Uncertainty is inherently unsustainable. Eventually, everything either is or isn't.

Crowsbeak posted:

Ohlol, so when it actually does do something good, you say it should be ignored. Also you do know that Iraq, Syria and Turkey spent at least 50 years run by regimes that preached a message against religion influencing their states? Didn't work out to well as it turns out. In many ways it reinforced religion.

I never denied that good things come out of religion, the point I keep having to make is there are significantly more bad outcomes than good ones.

Syria and Turkey running authoritarian regimes trying to suppress religious opposition is not a reflection of progressive politics, nor were there methods anything like what I have advocated. You don't get rid of religion by trying to strangle it, you do it by increasing the education and opportunities of a population while limiting religion's influence in public policy and education.

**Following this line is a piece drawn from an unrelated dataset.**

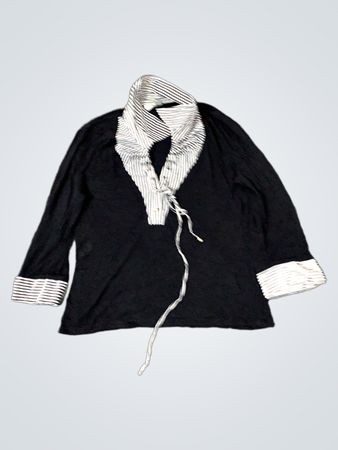 P.A.R.O.S.H. Schwarzes Langarmhemd mit gestreiftem Kragen und Ärmeln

Your points are aggressively disingenuous. You keep demanding evidence and explanations despite being given an ample amount of both.

You've offered absolutely no evidence to prove that religiosity helps progressivism on any large scale, nor any evidence that religion doesn't foster conservatism. You've offered no counter arguments on key points of religion being reactionary, authoritarian, and tradition bound, nor an explanation as to why countries with extremely high religiosity are oppressively conservative without correlation to economic prosperity.

Do you have any actual evidence for your positions? Or are you just pointing fingers at outliers while being shown strong groupings?